Ante miles de fieles reunidos en el Anfiteatro Flavio, el Pontífice recorrió las 14 estaciones cargando la cruz durante todo el trayecto, convirtiéndose en el primer Papa en hacerlo desde Juan Pablo II.
Durante la ceremonia, León XIV reflexionó sobre el contexto actual.
«No es un recorrido en medio de gente devota y silenciosa. Como en tiempos de Jesús, nos encontramos caminando en un ambiente caótico, alborotado y bullicioso, entre personas que comparten la fe en Él, pero también entre otros que se burlan e insultan. Así es la vida de todos los días», afirmó.

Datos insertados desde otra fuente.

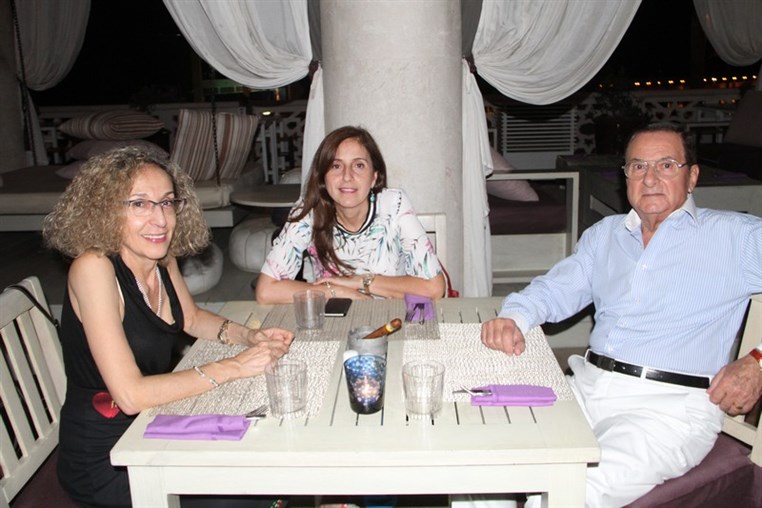 Western Thrills at Phoenicia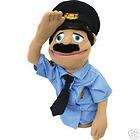 Melissa Doug Police Officer Puppet New items in Taterstoyshoppe store 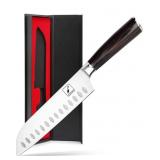 (New) imarku Chef Knife 7 Inch Kitchen Knife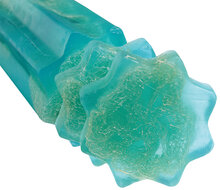 loofah zeezout zeep
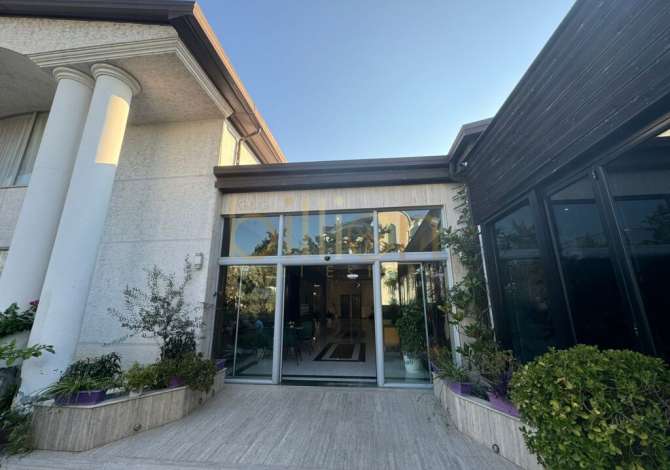 Business Property in Sale 1+1 in Tirana - 8,000 Euro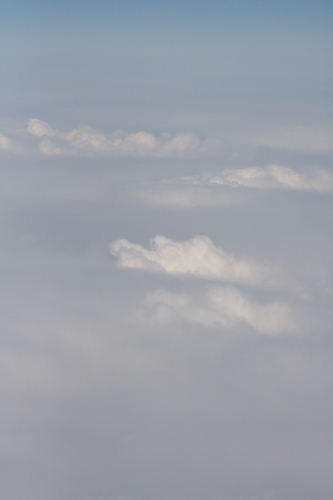 [Picture: Clouds]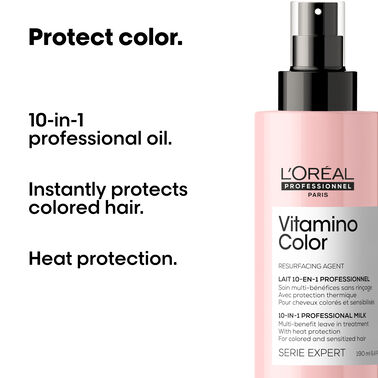 Vitamino Color 10 In 1 - Serie Expert | L'Oréal Partner Shop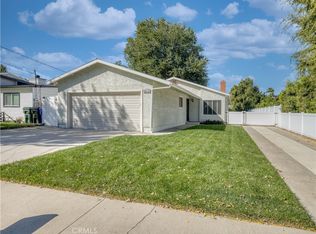 25133 De Wolfe Rd, Santa Clarita, CA 91321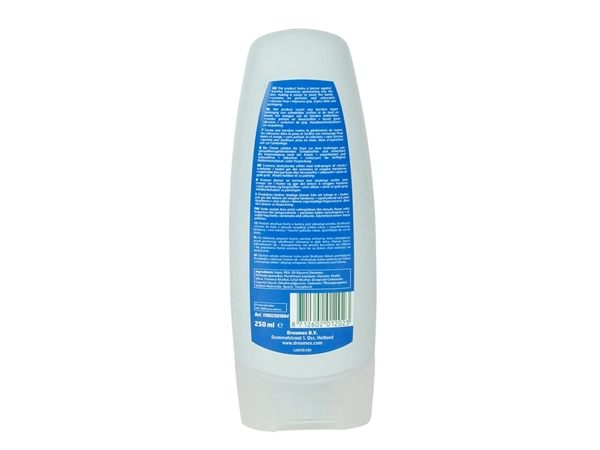 Een Handcrème Dreumex Universal Protect 250ml koop je bij NiceSupplies.nl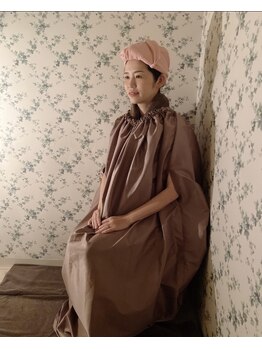 さくら鍼灸整骨院/よもぎ蒸し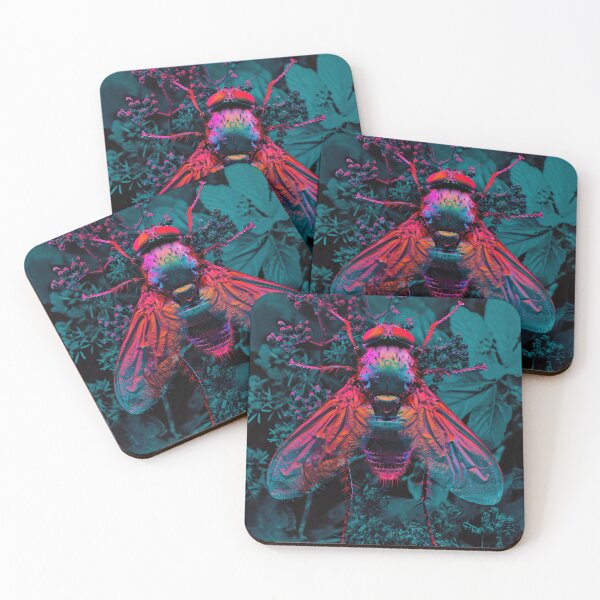 Item preview, Quirks in Flight designed and sold by a house mouse.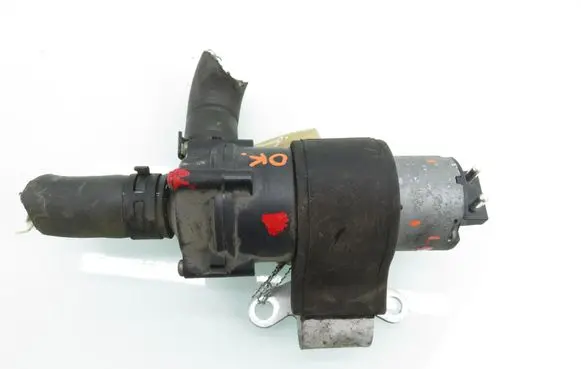 Mercedes-Benz Vaneo W414 Electric auxiliary coolant/water pump 0018351364 0392020026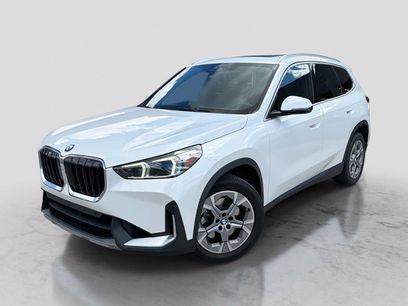 Used 2023 BMW X1 xDrive28i w/ Convenience Package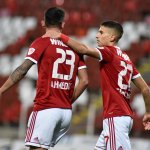 Ботев (Ихтиман) - ЦСКА 0:5 — Никола Кирилов © всички права запазени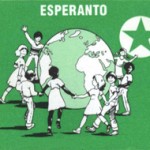 Esperanto affiche ancienne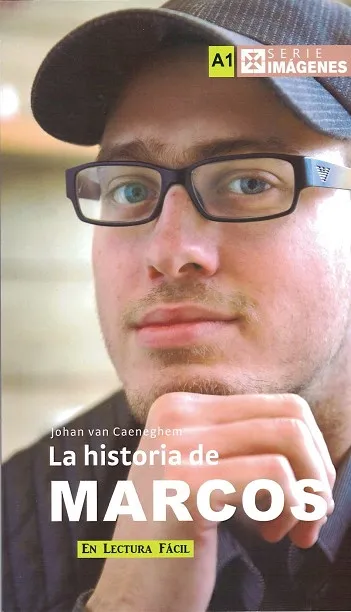 LA HISTORIA DE MARCOS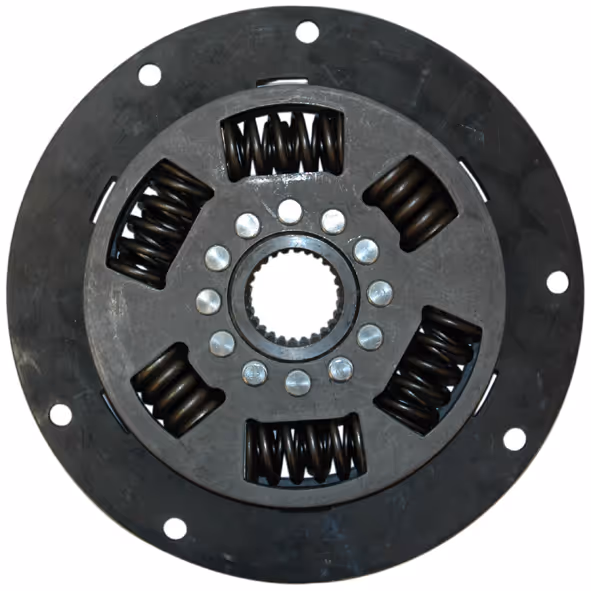 Amortisseur de torsion 370000210 adaptable | Luk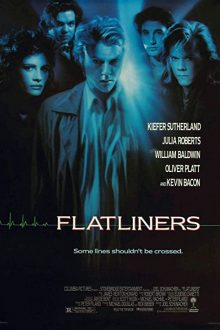 دانلود فیلم Flatliners 1990  با زیرنویس فارسی بدون سانسور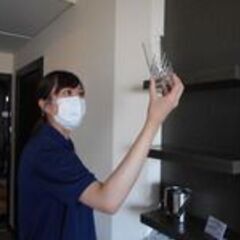 [品川]有名ホテルの客室清掃バイザー業務（グランドプリンスホテル...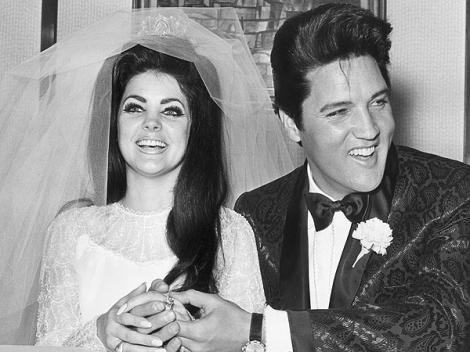 Este produsul dragostei dintre Elvis și Priscilla! Cum arată Lisa Marie, fosta soție a lui Michael Jackson și fiica regelui rock&roll!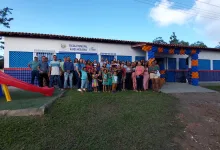 Escola Aurea Nogueira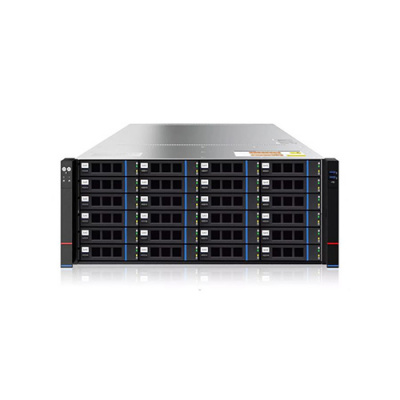 Видеосервер Ivideon Node 24 HDD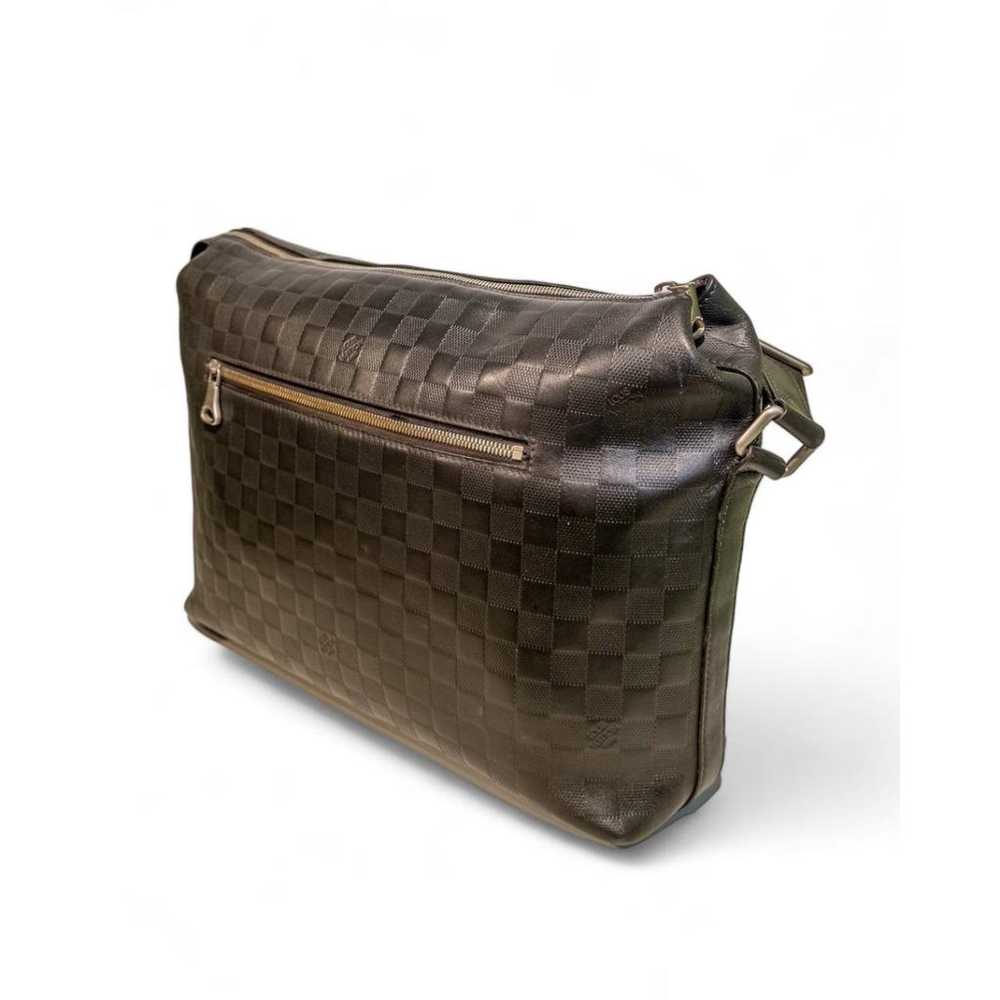 Louis Vuitton Mick Pm cloth bag - image 4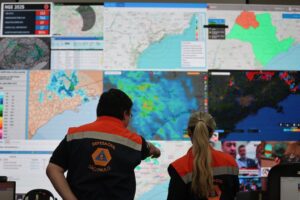 Defesa Civil Foto Governo de SP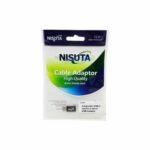 ADAPTADOR MICRO USB A USB-C NISUTA NS-ADUCMI - Imagen 2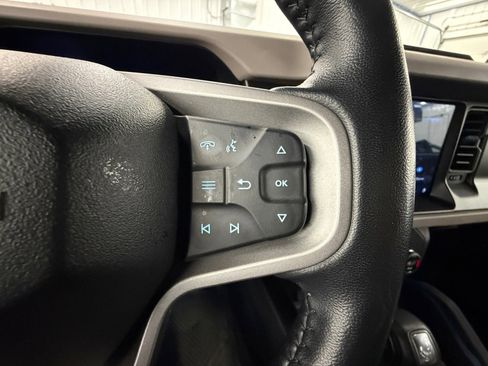 Used 2023 Ford Bronco Wildtrak AWD/4WD image 16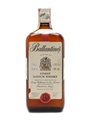 Ballantine's Finest Bottled 1970s - Spirit 75cl / 40%
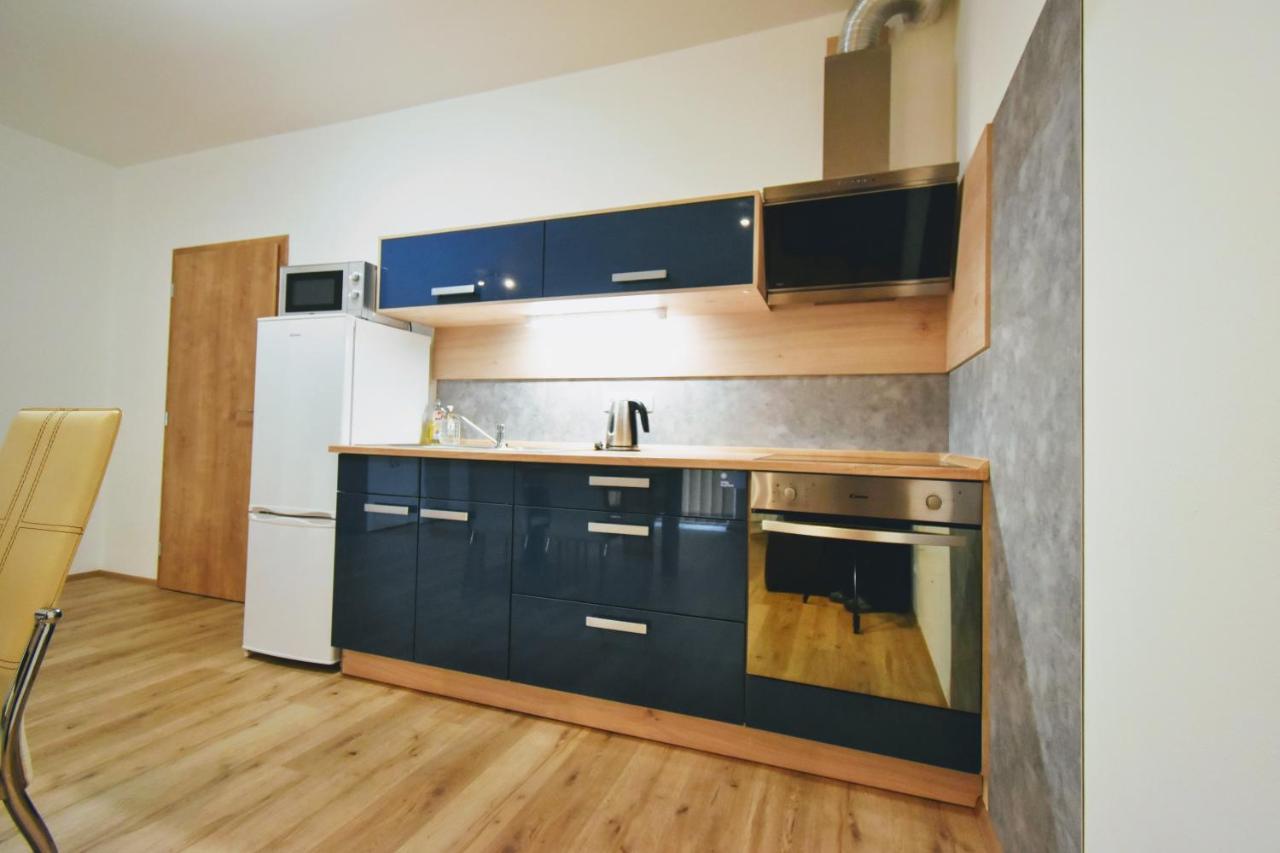 Apartma Promenada 276-12 Appartement Horní Maršov Buitenkant foto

Las meditaciones, elaboradas por el franciscano Francesco Patton, incluyeron un llamado directo a quienes ejercen autoridad, señalando: «El poder de comenzar una guerra o de terminarla; el poder de educar a la violencia o a la paz; el poder de alimentar el deseo de venganza o el de reconciliación; el poder de usar la economía para oprimir los pueblos o para liberarlos de la miseria».
Asimismo, se advirtió que toda autoridad «deberá responder ante Dios por el propio modo de ejercitar el poder recibido», en un mensaje centrado en la responsabilidad ética del liderazgo.
El Via Crucis también puso énfasis en los sectores más vulnerables, destacando a presos, migrantes, mujeres y niños afectados por la violencia y la exclusión social.
En ese contexto, la Santa Sede recordó que «reconocer el rostro de Cristo implica también verlo en toda persona cuya dignidad es pisoteada», subrayando la necesidad de solidaridad y compromiso social.
Las meditaciones denunciaron además abusos en regímenes autoritarios y situaciones de violencia extrema, señalando prácticas que atentan contra la dignidad humana.
La ceremonia estuvo marcada por el recuerdo del Papa Francisco, fallecido el 21 de abril de 2025, cuyo legado estuvo presente durante las celebraciones de Semana Santa.